* **EXERCISE BRIEF**
Repeat each entry exactly and drop the pictures.

* **EXTRACTED MATERIAL**
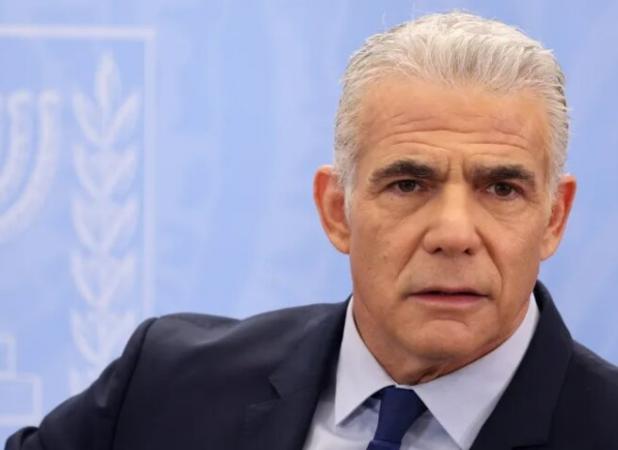 لاپید: نتانیاهو باید ترس از یمنی‌ها را کنار بگذارد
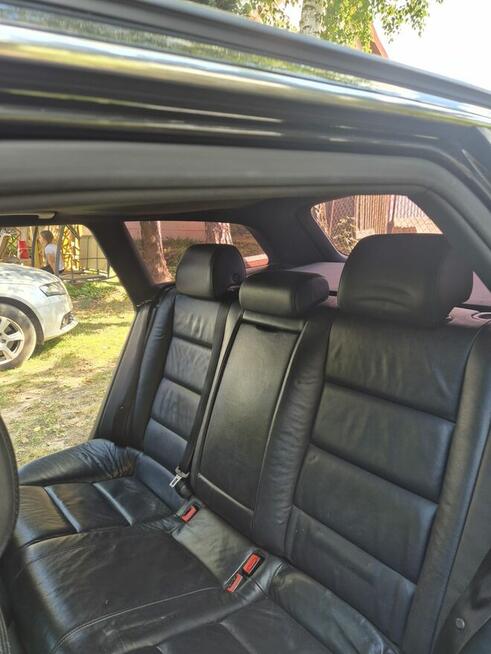 Sprzedam audi A6 C6 3.0tdi Quatro manual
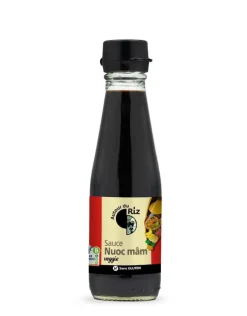 Sauce nuoc-mam veggie bio Autour du riz - 200 ml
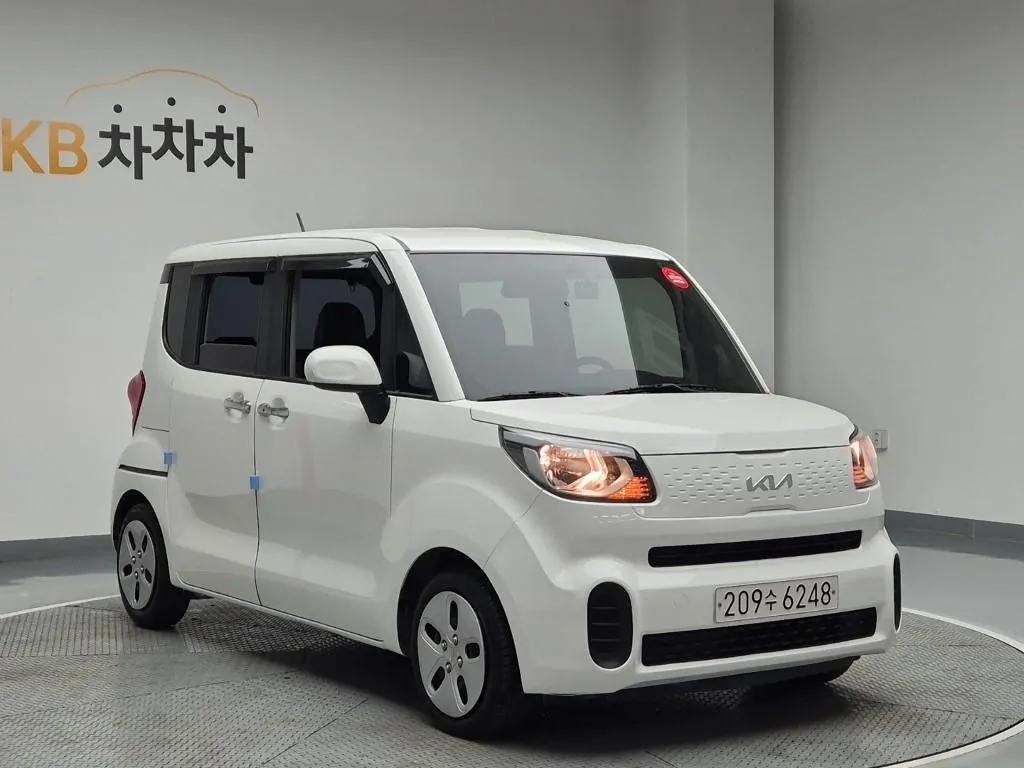 Kia Ray 2022 photo 4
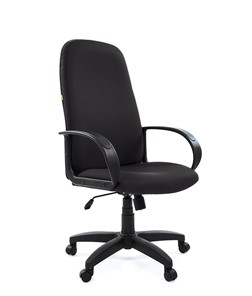 Кресло CHAIRMAN 279 JP15-2, цвет черный в Артеме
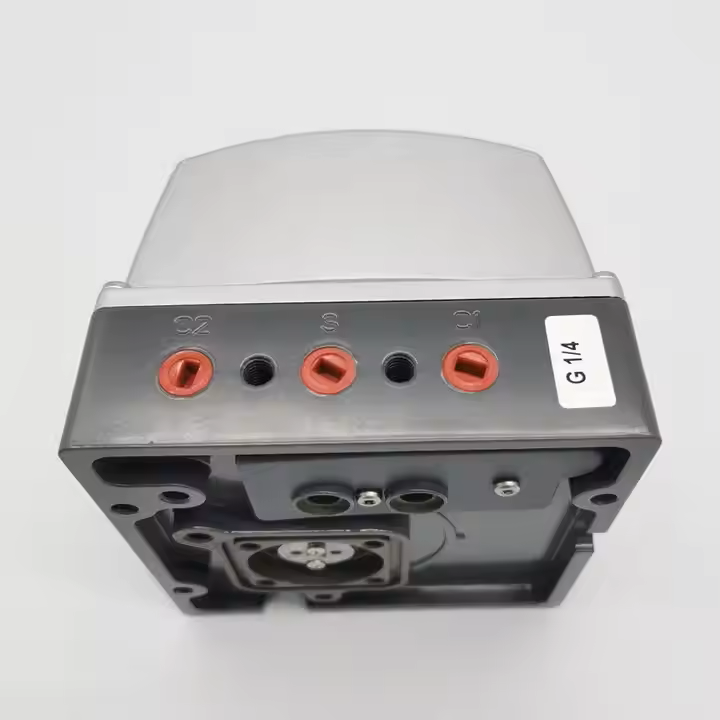 الدليل الشامل لجهاز تنظيم وضع الصمامات الذكي Valmet ND7103HX8T: الكفاءة والأمان في البيئات الخطرة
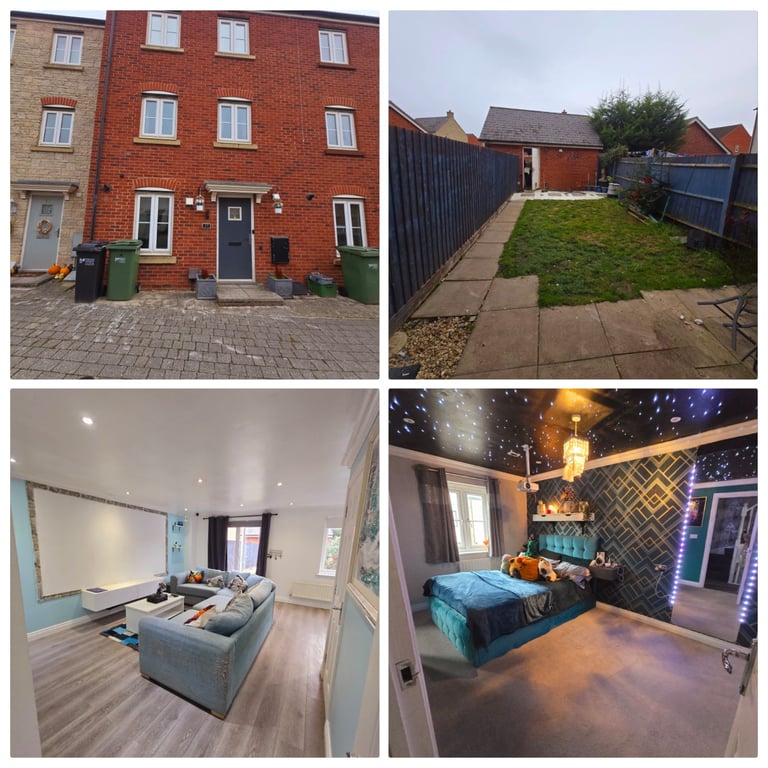 image for 3 Storey 4/5 bed house 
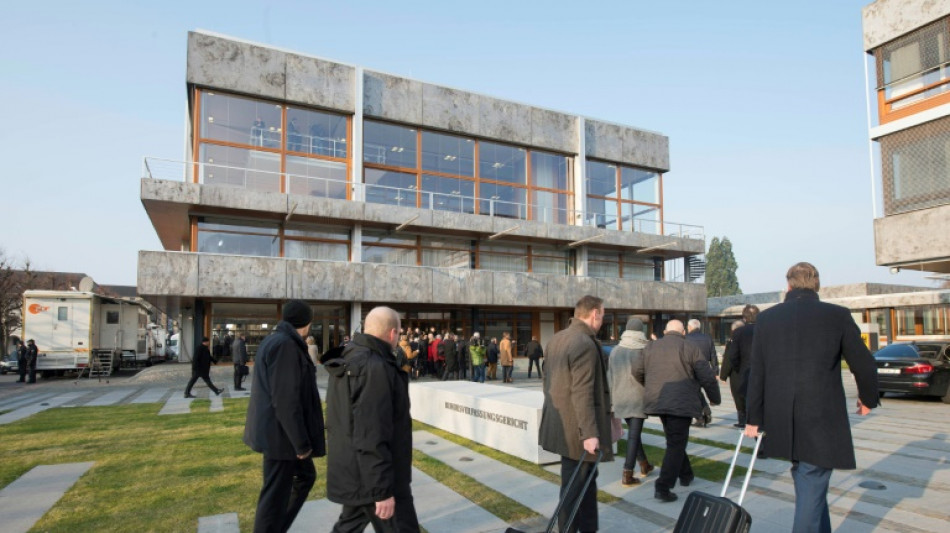 Bundesverfassungsgericht startet Verhandlung &uuml;ber Legasthenie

* **COMPLETED TASK**
 لاپید: نتانیاهو باید ترس از یمنی‌ها را کنار بگذارد
 Sprzedam audi A6 C6 3.0tdi Quatro manual
 Sauce nuoc-mam veggie bio Autour du riz - 200 ml
 Kia Ray 2022 photo 4
 Кресло CHAIRMAN 279 JP15-2, цвет черный в Артеме
 الدليل الشامل لجهاز تنظيم وضع الصمامات الذكي Valmet ND7103HX8T: الكفاءة والأمان في البيئات الخطرة
 image for 3 Storey 4/5 bed house 
 Bundesverfassungsgericht startet Verhandlung &uuml;ber Legasthenie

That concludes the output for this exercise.